Your goal
Lines from the top of the entries down to the line with "图片[47]-[LSS山茶摄影] NO.295 兔兔的长筒灰丝" must be set down exactly as they stand, with both ends retained.

Items from a dataset

___

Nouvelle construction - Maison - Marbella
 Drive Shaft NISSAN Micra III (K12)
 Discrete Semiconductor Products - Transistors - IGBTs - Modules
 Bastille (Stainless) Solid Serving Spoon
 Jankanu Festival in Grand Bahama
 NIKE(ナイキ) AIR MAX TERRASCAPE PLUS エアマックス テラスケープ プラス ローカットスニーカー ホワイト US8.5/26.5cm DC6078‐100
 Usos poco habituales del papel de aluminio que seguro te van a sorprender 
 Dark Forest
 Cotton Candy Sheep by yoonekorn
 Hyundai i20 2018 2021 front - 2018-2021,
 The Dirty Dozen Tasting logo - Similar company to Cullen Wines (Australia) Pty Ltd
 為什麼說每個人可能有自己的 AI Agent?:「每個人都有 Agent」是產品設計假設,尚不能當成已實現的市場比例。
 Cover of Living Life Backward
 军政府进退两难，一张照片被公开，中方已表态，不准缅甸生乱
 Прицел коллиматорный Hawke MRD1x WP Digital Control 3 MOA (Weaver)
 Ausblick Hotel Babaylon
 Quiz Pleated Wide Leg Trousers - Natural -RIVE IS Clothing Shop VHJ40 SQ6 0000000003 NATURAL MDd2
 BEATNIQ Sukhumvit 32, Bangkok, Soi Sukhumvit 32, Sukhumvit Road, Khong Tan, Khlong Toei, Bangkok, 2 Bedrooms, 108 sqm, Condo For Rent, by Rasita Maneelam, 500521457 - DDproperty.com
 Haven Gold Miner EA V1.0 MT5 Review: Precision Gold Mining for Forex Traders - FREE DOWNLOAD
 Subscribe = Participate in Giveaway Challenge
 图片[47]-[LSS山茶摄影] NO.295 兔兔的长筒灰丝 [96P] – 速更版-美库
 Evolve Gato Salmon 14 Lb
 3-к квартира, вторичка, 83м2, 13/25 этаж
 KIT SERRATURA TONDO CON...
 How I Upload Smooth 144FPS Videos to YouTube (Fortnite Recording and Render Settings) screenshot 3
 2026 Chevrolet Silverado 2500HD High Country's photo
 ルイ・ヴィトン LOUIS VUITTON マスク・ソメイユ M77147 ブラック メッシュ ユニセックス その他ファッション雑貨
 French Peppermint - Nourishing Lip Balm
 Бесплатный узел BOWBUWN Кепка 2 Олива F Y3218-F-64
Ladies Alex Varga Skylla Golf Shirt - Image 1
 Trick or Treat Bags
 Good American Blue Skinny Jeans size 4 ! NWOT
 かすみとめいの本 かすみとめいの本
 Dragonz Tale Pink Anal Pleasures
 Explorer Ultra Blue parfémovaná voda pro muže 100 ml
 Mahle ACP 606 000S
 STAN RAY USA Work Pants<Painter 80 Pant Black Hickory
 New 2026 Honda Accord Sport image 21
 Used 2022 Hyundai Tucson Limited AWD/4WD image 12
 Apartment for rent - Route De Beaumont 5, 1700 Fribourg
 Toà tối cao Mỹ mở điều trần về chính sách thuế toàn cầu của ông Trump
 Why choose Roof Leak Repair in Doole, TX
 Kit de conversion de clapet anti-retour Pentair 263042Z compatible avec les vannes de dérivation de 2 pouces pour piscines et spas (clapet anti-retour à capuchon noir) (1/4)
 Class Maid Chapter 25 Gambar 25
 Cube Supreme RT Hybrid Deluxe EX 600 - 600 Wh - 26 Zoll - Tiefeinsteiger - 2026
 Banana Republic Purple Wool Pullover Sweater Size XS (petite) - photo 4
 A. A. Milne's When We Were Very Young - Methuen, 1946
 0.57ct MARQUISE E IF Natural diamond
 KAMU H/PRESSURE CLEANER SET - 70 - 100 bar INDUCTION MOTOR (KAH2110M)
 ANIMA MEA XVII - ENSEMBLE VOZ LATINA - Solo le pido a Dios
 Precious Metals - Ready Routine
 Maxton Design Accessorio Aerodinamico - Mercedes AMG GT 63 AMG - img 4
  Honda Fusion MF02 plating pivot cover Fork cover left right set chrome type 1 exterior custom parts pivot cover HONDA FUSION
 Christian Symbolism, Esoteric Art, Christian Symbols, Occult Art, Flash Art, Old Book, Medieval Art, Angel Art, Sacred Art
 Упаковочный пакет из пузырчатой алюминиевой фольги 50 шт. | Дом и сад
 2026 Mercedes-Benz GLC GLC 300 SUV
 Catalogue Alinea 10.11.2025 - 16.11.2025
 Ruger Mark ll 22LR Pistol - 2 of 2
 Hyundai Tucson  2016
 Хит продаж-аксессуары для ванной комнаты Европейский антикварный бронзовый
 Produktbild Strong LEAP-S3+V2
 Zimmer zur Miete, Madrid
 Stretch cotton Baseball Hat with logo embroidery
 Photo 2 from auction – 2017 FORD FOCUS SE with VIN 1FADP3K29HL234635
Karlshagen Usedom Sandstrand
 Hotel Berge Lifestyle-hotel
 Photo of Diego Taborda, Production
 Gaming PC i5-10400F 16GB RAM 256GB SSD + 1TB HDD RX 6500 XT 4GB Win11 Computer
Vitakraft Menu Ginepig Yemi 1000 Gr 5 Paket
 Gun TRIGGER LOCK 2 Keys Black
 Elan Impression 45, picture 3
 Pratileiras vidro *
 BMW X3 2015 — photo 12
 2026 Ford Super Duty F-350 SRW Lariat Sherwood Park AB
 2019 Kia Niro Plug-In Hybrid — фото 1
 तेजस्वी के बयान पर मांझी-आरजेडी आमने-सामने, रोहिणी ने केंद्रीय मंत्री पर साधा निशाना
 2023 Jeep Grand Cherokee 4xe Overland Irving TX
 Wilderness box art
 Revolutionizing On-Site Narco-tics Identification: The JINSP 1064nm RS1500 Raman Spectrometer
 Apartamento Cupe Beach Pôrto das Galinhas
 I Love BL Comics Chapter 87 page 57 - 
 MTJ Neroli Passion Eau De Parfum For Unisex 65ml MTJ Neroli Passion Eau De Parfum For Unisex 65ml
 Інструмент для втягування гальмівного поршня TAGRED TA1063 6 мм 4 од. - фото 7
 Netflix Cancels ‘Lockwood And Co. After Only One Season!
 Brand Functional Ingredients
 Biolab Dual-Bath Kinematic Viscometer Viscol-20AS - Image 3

___

Written reply
Nouvelle construction - Maison - Marbella
 Drive Shaft NISSAN Micra III (K12)
 Discrete Semiconductor Products - Transistors - IGBTs - Modules
 Bastille (Stainless) Solid Serving Spoon
 Jankanu Festival in Grand Bahama
 NIKE(ナイキ) AIR MAX TERRASCAPE PLUS エアマックス テラスケープ プラス ローカットスニーカー ホワイト US8.5/26.5cm DC6078‐100
 Usos poco habituales del papel de aluminio que seguro te van a sorprender 
 Dark Forest
 Cotton Candy Sheep by yoonekorn
 Hyundai i20 2018 2021 front - 2018-2021,
 The Dirty Dozen Tasting logo - Similar company to Cullen Wines (Australia) Pty Ltd
 為什麼說每個人可能有自己的 AI Agent?:「每個人都有 Agent」是產品設計假設,尚不能當成已實現的市場比例。
 Cover of Living Life Backward
 军政府进退两难，一张照片被公开，中方已表态，不准缅甸生乱
 Прицел коллиматорный Hawke MRD1x WP Digital Control 3 MOA (Weaver)
 Ausblick Hotel Babaylon
 Quiz Pleated Wide Leg Trousers - Natural -RIVE IS Clothing Shop VHJ40 SQ6 0000000003 NATURAL MDd2
 BEATNIQ Sukhumvit 32, Bangkok, Soi Sukhumvit 32, Sukhumvit Road, Khong Tan, Khlong Toei, Bangkok, 2 Bedrooms, 108 sqm, Condo For Rent, by Rasita Maneelam, 500521457 - DDproperty.com
 Haven Gold Miner EA V1.0 MT5 Review: Precision Gold Mining for Forex Traders - FREE DOWNLOAD
 Subscribe = Participate in Giveaway Challenge
 图片[47]-[LSS山茶摄影] NO.295 兔兔的长筒灰丝 [96P] – 速更版-美库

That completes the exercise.